Hans-Essaadi_FD_31March16_theedgemarketsKUALA LUMPUR: Besides the cigarette makers, the breweries are probably another group that is choked by excise duty hikes, which are likely to eat into their profit margins at a time when consumers are tightening their belts.

Worse, they are losing market share to illicit products.

“It makes no sense to commercialise this increase [in excise duty], to go big on (price) hikes. It is probably not the right thing to do [in the current economic environment],” said Guinness Anchor Bhd (GAB) managing director Hans Essaadi.

“Your demand will go down [if prices are increased significantly]. Yes, you may get more out of it (price increase), but less volume as a result of that,” he added.

Weighed down by the recent hike in excise duties and cautious consumer spending, Essaadi may be facing a challenging task to sustain the brewery’s profit margin.

“In an ideal world, a consumer price increase does not change demand, and if that is the case, then there is no effect [on profits],” he commented.

Essaadi said GAB is trying to mitigate price hikes and the management team will be deliberating on whether to further raise prices of its products after July 1. “With consumer sentiment being at a 10-year low, we have to be careful moving forward,” he said.

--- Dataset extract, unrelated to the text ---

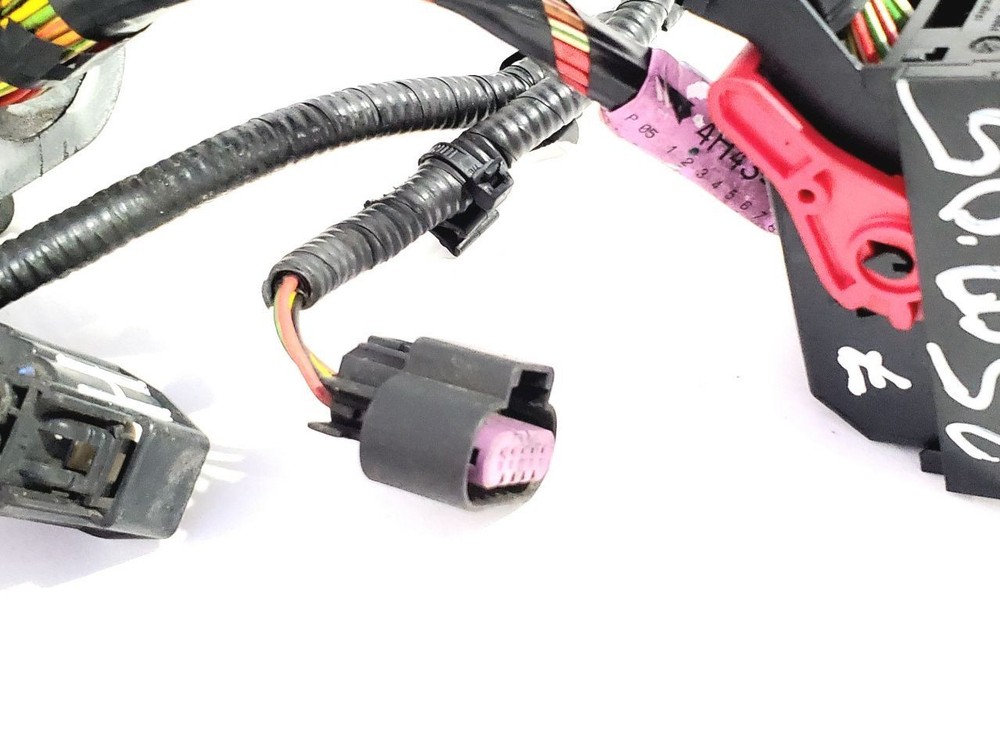 2006 Range Rover OEM Engine Motor Harness 4h43-12b637-bb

In view of the tax hike, GAB has announced a 2% to 5% increase in the prices of its key brands.

The government mandated a new duty structure effective this month that will be now based on alcohol content of alcoholic beverages.

To recap, tax is now levied on the percentage of alcohol in the beverage (RM175 per litre of 100% alcohol by volume) as opposed to volume previously (RM7.40 per litre plus a 15% ad valorem tax).

UOB KayHian Research said the new tax structure would result in an 8% to 10% hike for mainstream beers with 5% alcohol content, which encompasses majority of industry sales.

According to Essaadi, since the implementation of the new excise duty structure, the market has seen a relatively moderate 3% increase in prices of mainstream beers.

On the other hand, GAB finance director Atul Chhaparwal said following a normalisation of consumer sentiment after the goods and services tax implementation, GAB’s top line has grown due to increasing cost efficiency.

“When you can’t increase prices, you focus on driving cost efficiency even harder and that’s how we have been delivering healthy profits,” he added.

For the quarter ended Dec 31, 2015, GAB’s net profit grew 19% to RM90.84 million from RM76.12 million, while revenue was almost flat at RM524.55 million against RM520.77 million in the previous corresponding quarter.

The company attributed the higher net profit to improved cost efficiency, phasing of certain brand advertisement and promotion investments which will take place in the coming months, as well as higher sales.

GAB has changed its financial year end to Dec 31, 2016.

It will be interesting to see if GAB can sustain the impressive earnings growth for the financial year ending Dec 31, 2016.